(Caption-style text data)

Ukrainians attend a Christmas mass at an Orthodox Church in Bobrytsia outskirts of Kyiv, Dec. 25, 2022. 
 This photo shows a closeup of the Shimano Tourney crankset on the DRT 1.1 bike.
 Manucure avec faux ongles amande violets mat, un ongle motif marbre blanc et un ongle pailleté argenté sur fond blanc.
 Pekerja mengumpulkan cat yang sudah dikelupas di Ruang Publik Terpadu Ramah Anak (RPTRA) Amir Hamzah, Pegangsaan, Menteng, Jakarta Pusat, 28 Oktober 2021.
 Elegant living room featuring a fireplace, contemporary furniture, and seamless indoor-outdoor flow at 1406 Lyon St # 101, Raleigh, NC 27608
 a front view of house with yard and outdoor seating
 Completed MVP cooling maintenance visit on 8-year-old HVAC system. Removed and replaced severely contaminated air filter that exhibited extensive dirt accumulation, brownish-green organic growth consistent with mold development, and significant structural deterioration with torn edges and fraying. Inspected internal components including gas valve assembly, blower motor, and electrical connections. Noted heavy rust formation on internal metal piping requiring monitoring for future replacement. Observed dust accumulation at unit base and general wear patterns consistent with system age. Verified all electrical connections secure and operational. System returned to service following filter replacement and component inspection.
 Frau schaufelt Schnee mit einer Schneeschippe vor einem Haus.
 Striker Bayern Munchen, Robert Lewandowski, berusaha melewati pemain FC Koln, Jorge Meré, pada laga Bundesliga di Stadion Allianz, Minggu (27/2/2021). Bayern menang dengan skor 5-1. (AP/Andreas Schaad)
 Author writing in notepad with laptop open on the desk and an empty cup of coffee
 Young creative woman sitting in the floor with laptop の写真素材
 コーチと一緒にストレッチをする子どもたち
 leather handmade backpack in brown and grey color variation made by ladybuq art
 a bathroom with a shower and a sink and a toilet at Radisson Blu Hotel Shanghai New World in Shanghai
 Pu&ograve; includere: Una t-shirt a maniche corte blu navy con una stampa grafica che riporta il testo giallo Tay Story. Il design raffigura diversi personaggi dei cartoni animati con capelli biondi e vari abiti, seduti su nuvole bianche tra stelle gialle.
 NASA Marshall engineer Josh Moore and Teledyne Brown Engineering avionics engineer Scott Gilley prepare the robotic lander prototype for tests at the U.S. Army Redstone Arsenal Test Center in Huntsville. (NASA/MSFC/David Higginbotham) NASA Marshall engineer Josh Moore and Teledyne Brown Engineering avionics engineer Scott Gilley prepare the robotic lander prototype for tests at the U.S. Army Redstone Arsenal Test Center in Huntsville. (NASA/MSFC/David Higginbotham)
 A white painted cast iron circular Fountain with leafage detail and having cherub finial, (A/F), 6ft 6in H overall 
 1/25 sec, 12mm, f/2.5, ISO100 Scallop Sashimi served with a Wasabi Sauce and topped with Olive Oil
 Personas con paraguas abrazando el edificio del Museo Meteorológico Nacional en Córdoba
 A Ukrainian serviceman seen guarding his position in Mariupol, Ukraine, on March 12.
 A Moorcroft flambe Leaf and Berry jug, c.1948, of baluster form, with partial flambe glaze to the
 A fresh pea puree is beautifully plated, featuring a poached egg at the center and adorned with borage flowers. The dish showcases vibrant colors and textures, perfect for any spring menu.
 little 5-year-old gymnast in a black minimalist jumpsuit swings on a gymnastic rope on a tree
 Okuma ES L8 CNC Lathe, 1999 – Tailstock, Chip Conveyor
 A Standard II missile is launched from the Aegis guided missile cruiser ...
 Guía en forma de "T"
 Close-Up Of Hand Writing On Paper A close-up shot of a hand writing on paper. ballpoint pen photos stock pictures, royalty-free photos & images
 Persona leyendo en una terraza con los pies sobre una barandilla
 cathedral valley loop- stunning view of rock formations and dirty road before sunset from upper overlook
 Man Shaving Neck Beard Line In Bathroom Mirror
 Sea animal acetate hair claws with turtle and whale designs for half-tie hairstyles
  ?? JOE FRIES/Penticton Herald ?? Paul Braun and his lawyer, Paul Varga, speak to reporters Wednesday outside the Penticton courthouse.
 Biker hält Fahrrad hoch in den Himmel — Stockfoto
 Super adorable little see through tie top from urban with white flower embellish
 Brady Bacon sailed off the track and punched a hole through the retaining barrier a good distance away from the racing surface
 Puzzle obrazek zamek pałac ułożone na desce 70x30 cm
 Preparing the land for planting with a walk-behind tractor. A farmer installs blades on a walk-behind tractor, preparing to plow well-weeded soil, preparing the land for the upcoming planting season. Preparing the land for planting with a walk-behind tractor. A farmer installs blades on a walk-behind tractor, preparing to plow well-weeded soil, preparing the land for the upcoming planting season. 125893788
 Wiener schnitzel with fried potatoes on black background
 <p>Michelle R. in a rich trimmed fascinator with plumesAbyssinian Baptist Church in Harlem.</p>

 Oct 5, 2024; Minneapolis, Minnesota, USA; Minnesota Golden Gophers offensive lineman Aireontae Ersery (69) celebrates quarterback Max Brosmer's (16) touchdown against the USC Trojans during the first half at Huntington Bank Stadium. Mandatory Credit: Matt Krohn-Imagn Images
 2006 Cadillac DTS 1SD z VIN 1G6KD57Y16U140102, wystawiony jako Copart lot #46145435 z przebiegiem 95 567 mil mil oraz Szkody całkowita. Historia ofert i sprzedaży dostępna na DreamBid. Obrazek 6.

**WHAT NEEDS TO BE DONE:**
Set every record down again, exactly as given.

**WRITTEN SOLUTION:**
Ukrainians attend a Christmas mass at an Orthodox Church in Bobrytsia outskirts of Kyiv, Dec. 25, 2022. 
 This photo shows a closeup of the Shimano Tourney crankset on the DRT 1.1 bike.
 Manucure avec faux ongles amande violets mat, un ongle motif marbre blanc et un ongle pailleté argenté sur fond blanc.
 Pekerja mengumpulkan cat yang sudah dikelupas di Ruang Publik Terpadu Ramah Anak (RPTRA) Amir Hamzah, Pegangsaan, Menteng, Jakarta Pusat, 28 Oktober 2021.
 Elegant living room featuring a fireplace, contemporary furniture, and seamless indoor-outdoor flow at 1406 Lyon St # 101, Raleigh, NC 27608
 a front view of house with yard and outdoor seating
 Completed MVP cooling maintenance visit on 8-year-old HVAC system. Removed and replaced severely contaminated air filter that exhibited extensive dirt accumulation, brownish-green organic growth consistent with mold development, and significant structural deterioration with torn edges and fraying. Inspected internal components including gas valve assembly, blower motor, and electrical connections. Noted heavy rust formation on internal metal piping requiring monitoring for future replacement. Observed dust accumulation at unit base and general wear patterns consistent with system age. Verified all electrical connections secure and operational. System returned to service following filter replacement and component inspection.
 Frau schaufelt Schnee mit einer Schneeschippe vor einem Haus.
 Striker Bayern Munchen, Robert Lewandowski, berusaha melewati pemain FC Koln, Jorge Meré, pada laga Bundesliga di Stadion Allianz, Minggu (27/2/2021). Bayern menang dengan skor 5-1. (AP/Andreas Schaad)
 Author writing in notepad with laptop open on the desk and an empty cup of coffee
 Young creative woman sitting in the floor with laptop の写真素材
 コーチと一緒にストレッチをする子どもたち
 leather handmade backpack in brown and grey color variation made by ladybuq art
 a bathroom with a shower and a sink and a toilet at Radisson Blu Hotel Shanghai New World in Shanghai
 Pu&ograve; includere: Una t-shirt a maniche corte blu navy con una stampa grafica che riporta il testo giallo Tay Story. Il design raffigura diversi personaggi dei cartoni animati con capelli biondi e vari abiti, seduti su nuvole bianche tra stelle gialle.
 NASA Marshall engineer Josh Moore and Teledyne Brown Engineering avionics engineer Scott Gilley prepare the robotic lander prototype for tests at the U.S. Army Redstone Arsenal Test Center in Huntsville. (NASA/MSFC/David Higginbotham) NASA Marshall engineer Josh Moore and Teledyne Brown Engineering avionics engineer Scott Gilley prepare the robotic lander prototype for tests at the U.S. Army Redstone Arsenal Test Center in Huntsville. (NASA/MSFC/David Higginbotham)
 A white painted cast iron circular Fountain with leafage detail and having cherub finial, (A/F), 6ft 6in H overall 
 1/25 sec, 12mm, f/2.5, ISO100 Scallop Sashimi served with a Wasabi Sauce and topped with Olive Oil
 Personas con paraguas abrazando el edificio del Museo Meteorológico Nacional en Córdoba
 A Ukrainian serviceman seen guarding his position in Mariupol, Ukraine, on March 12.
 A Moorcroft flambe Leaf and Berry jug, c.1948, of baluster form, with partial flambe glaze to the
 A fresh pea puree is beautifully plated, featuring a poached egg at the center and adorned with borage flowers. The dish showcases vibrant colors and textures, perfect for any spring menu.
 little 5-year-old gymnast in a black minimalist jumpsuit swings on a gymnastic rope on a tree
 Okuma ES L8 CNC Lathe, 1999 – Tailstock, Chip Conveyor
 A Standard II missile is launched from the Aegis guided missile cruiser ...
 Guía en forma de "T"
 Close-Up Of Hand Writing On Paper A close-up shot of a hand writing on paper. ballpoint pen photos stock pictures, royalty-free photos & images
 Persona leyendo en una terraza con los pies sobre una barandilla
 cathedral valley loop- stunning view of rock formations and dirty road before sunset from upper overlook
 Man Shaving Neck Beard Line In Bathroom Mirror
 Sea animal acetate hair claws with turtle and whale designs for half-tie hairstyles
  ?? JOE FRIES/Penticton Herald ?? Paul Braun and his lawyer, Paul Varga, speak to reporters Wednesday outside the Penticton courthouse.
 Biker hält Fahrrad hoch in den Himmel — Stockfoto
 Super adorable little see through tie top from urban with white flower embellish
 Brady Bacon sailed off the track and punched a hole through the retaining barrier a good distance away from the racing surface
 Puzzle obrazek zamek pałac ułożone na desce 70x30 cm
 Preparing the land for planting with a walk-behind tractor. A farmer installs blades on a walk-behind tractor, preparing to plow well-weeded soil, preparing the land for the upcoming planting season. Preparing the land for planting with a walk-behind tractor. A farmer installs blades on a walk-behind tractor, preparing to plow well-weeded soil, preparing the land for the upcoming planting season. 125893788
 Wiener schnitzel with fried potatoes on black background
 <p>Michelle R. in a rich trimmed fascinator with plumesAbyssinian Baptist Church in Harlem.</p>

 Oct 5, 2024; Minneapolis, Minnesota, USA; Minnesota Golden Gophers offensive lineman Aireontae Ersery (69) celebrates quarterback Max Brosmer's (16) touchdown against the USC Trojans during the first half at Huntington Bank Stadium. Mandatory Credit: Matt Krohn-Imagn Images
 2006 Cadillac DTS 1SD z VIN 1G6KD57Y16U140102, wystawiony jako Copart lot #46145435 z przebiegiem 95 567 mil mil oraz Szkody całkowita. Historia ofert i sprzedaży dostępna na DreamBid. Obrazek 6.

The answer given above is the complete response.